The release enables deep and metadata-only copies between DuckLake and Iceberg via the Iceberg extension, allowing querying of previous Iceberg snapshots. SQL-level features now supported include MERGE INTO and a CHECKPOINT maintenance command (flush, expire snapshots, and compact/rewrite files), which are configurable. Guillermo and Gabor noted the focus on robustness, enabling high-bandwidth large writes, but beware small-file churn.

Turn Thousands of Messy JSON Files into One Parquet: DuckDB for Fast Data Warehouse Ingestion

TL;DR: Using DuckDB to consolidate thousands of small, drifting JSON files into one/few Parquet artifacts with lineage, then load via connectors or query directly to reduce scans and stabilize schemas.

The core pattern is to read JSON files and transform them into Parquet format while capturing the filename for lineage. Schema drift is handled with UNION BY NAME across directories and selective extraction via json_extract* + try_cast.
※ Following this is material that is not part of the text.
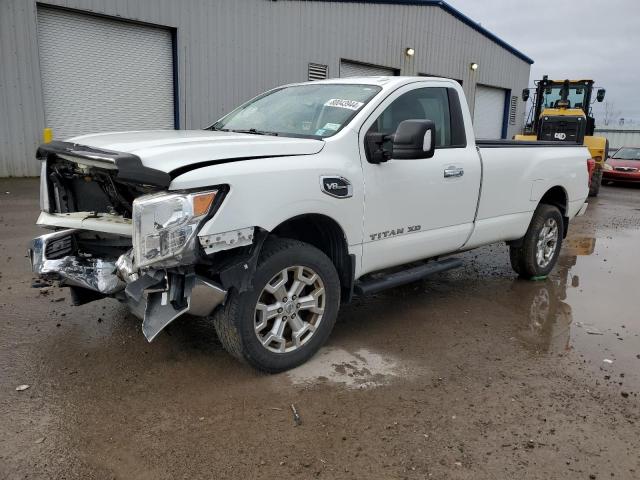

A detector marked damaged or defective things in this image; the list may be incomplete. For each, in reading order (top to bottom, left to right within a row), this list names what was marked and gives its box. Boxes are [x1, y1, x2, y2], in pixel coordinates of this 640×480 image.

crushed front bumper [31, 229, 230, 342]
damaged front end [30, 142, 256, 342]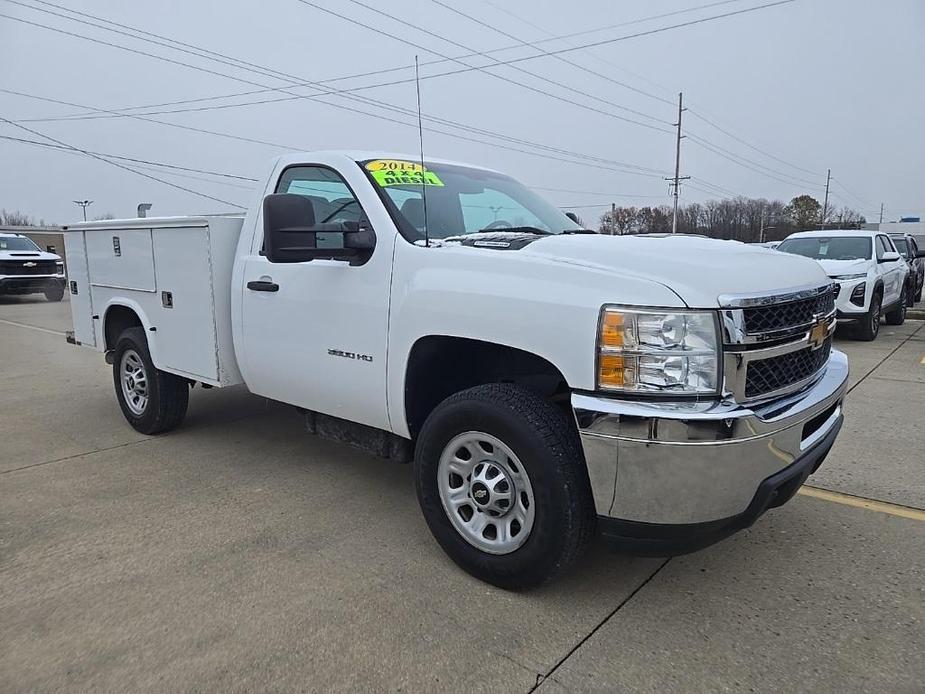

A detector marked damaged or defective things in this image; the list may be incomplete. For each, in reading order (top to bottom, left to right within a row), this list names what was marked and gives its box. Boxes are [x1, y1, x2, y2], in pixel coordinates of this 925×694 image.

pavement crack [528, 560, 672, 694]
Loading paths include connectors, warehouse COPY/LOAD from staged Parquet, or dbt-duckdb external sources.

Performance notes from the article are consolidation enables column pruning, predicate pushdown, and stats, often cutting execution time or credits "by half or more", staging small files to local SSD/NVMe before conversion can yield a 2–10× wall‑clock improvement versus direct S3 reads. Dumky said to retain raw JSON but serve Parquet as the hot analytical layer -> "only touch it once".

🔥 DuckDB in 100 Seconds - Fireship video

TL;DR: DuckDB earned a 100-second legendary video by Fireship.
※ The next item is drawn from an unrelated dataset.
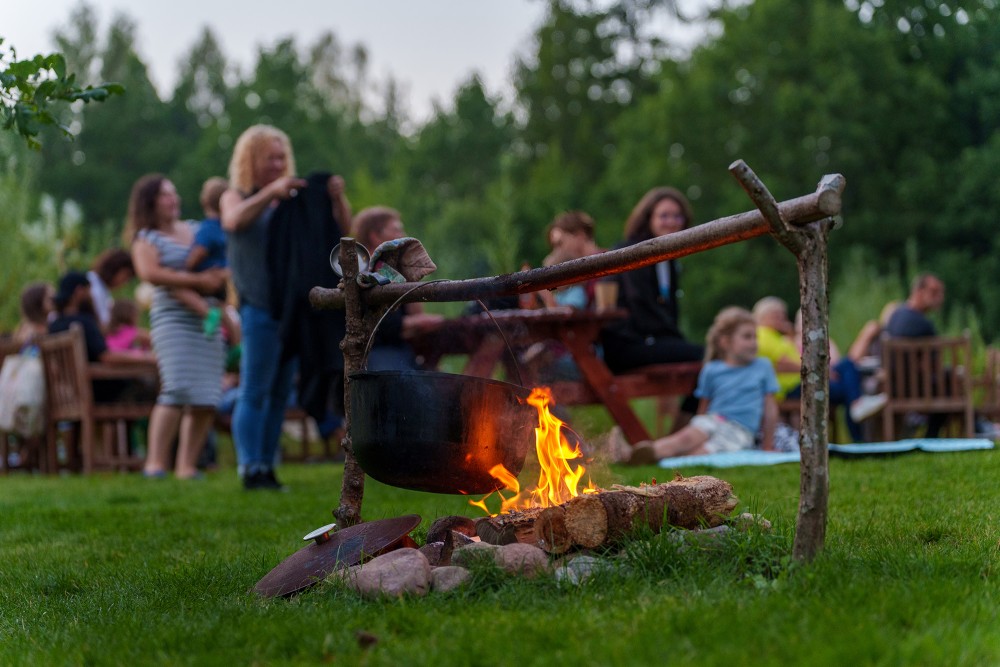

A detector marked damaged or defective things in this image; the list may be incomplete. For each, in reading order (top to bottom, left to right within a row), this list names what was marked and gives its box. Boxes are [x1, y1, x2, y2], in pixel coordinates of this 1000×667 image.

Fireships states that it was developed in the Netherlands, written in C++, and first released in 2019. DuckDB is presented as “like SQLite, but for columnar data.” He continues that column-wise storage enables faster aggregations on high-volume time-series and similar analytical workloads than row-store engines. The engine processes data in vectorized batches in parallel and is multi-threaded by default.

There's not much news for us DuckDB users, but it's great to see our tech in big YouTube videos. Fireship praises its simplicity and capability for data wrangling, including support for JSON and HTML. He notes real-world adoption (e.g., Meta, Google, Airbnb).
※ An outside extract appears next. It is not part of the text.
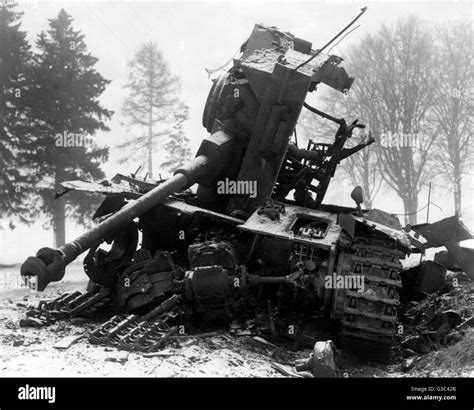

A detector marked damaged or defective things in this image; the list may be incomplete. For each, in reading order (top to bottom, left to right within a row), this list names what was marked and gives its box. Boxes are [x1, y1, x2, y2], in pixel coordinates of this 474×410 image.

broken track link [334, 237, 404, 346]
New Query.Farm Extensions: Marisa Matching Algorithm & Textplot

TL;DR: Query.Farm released two community extensions—Marisa for space-efficient trie-based string operations and Textplot for ASCII/Unicode data visualization directly in SQL queries.

Query.Farm's Marisa extension brings MARISA (Matching Algorithm with Recursively Implemented StorAge) trie functionality to DuckDB, enabling efficient prefix searches and string lookups.

The extension provides four core functions: marisa_trie() aggregates strings into a compact BLOB representation (e.g., 4160 bytes for 10 employee names), marisa_lookup(trie, 'Alice') performs existence checks, marisa_common_prefix(trie, 'USA', 10) returns all trie strings that are prefixes of the input, and marisa_predictive(trie, 'Me', 10) finds strings starting with a given prefix.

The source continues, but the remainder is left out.